Shepardson appealed, and the Court of Appeal affirmed the lower court’s decision.

First, the court agreed with the trial court ruling that the Brown email was protected by the attorney-client privilege. Importantly, the Court looked at Shepardson's actions after receiving the Brown email from his client.

He took the proper step in notifying Caltrans' lawyer of the email. However, after Caltrans immediately claimed the privilege applied to the email, Shepardson continued to use the email, even after the trial court's protective order, and distributed it to others, including his client's expert witnesses. Shepardson should not have used or disclosed the Brown email while the parties were working through the privilege issue, even if Shepardson believed there was a basis that the privilege did not apply.

Although the Court did not dive into Rule 4.4 of the California Rules of Professional Conduct, it did consider the case law upon which the Rule is based.

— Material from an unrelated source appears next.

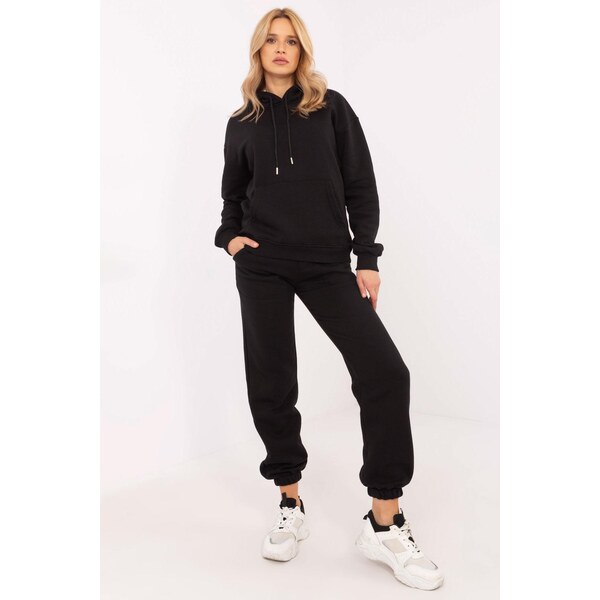 MladaModa Zateplená tepláková súprava s kapucňou model 29526 čierna 62554638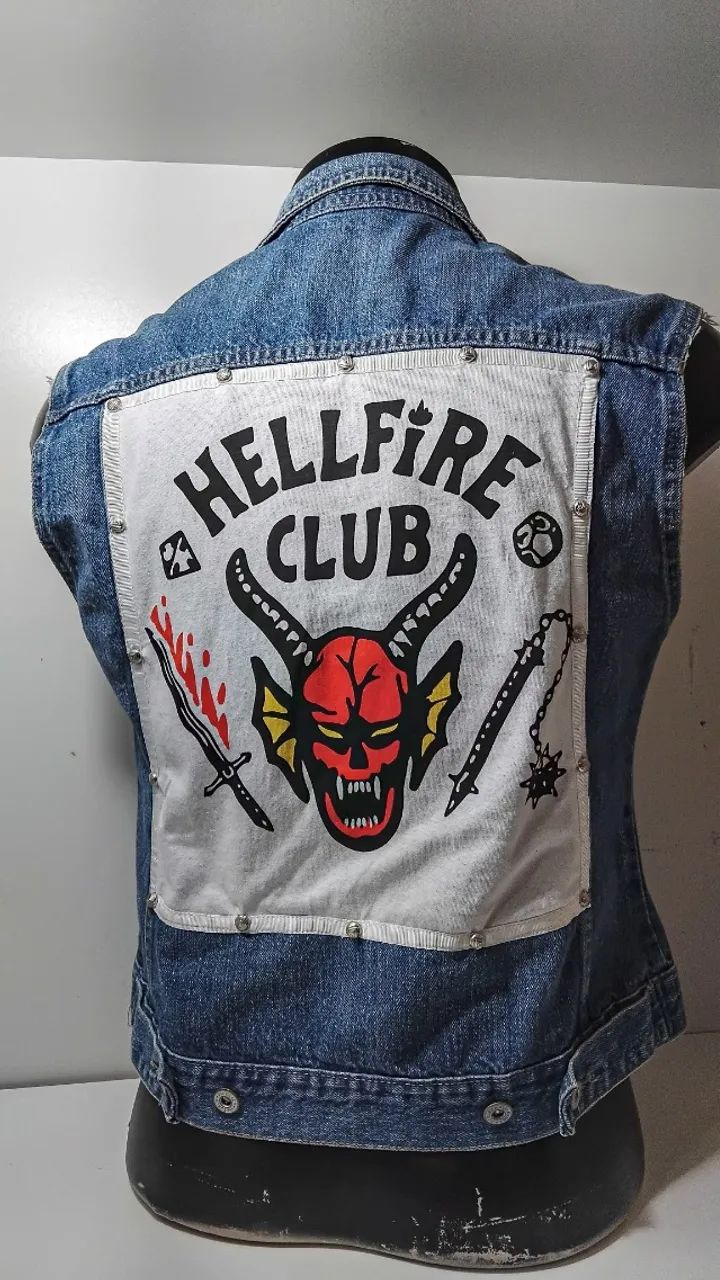 Colete Jeans Hellfire Club do Stranger Things (Netflix) - P/M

Under Rule 4.4, a lawyer who receives a writing that was inadvertently sent or produced and that the lawyer knows or reasonably should know is privileged, the lawyer must refrain from examining it any more than is needed to determine that it is privileged and promptly notify the sender. Comment [1] to the Rule further states that the lawyer should return the writing to the sender, seek to reach agreement about the privilege, or seek guidance from the court.

Applying this concept in this case, the Court noted that “[a]fter receiving the email, and especially after Caltrans unequivocally asserted the privilege hours after learning of the disclosure, Shepardson was not permitted to examine the email any further, much less distribute the email to other witnesses or use it to formulate case strategy.”

Disqualifying Shepardson and his expert witnesses was appropriate, the justices said, because his actions went beyond a simple error that would not affect the litigation. Instead, “Shepardson’s failure to comply with his ethical duties through his continued use of confidential material created a substantial risk of undue prejudice and risked undermining the integrity of the proceedings.”

For these reasons, the justices affirmed the trial court’s disqualification.

This decision serves as a reminder that when an attorney receives what appears could be attorney-client privileged material that was sent without the consent of the holder of the privilege, an attorney not only has to disclose its receipt to the other side, but must either agree with the other side on how the material will be handled or seek court guidance.

Here, not only did Shepardson start to use the Brown email without any agreement with Caltrans, but he later violated a protective order after the court had determined the email was protected by the attorney-client privilege. Although the appellate court's decision was not dependent on Shepardson violating the trial court's protective order, that fact was mentioned several times in the higher court's opinion, and likely informed the trial court's decision to disqualify Shepardson and the expert witnesses.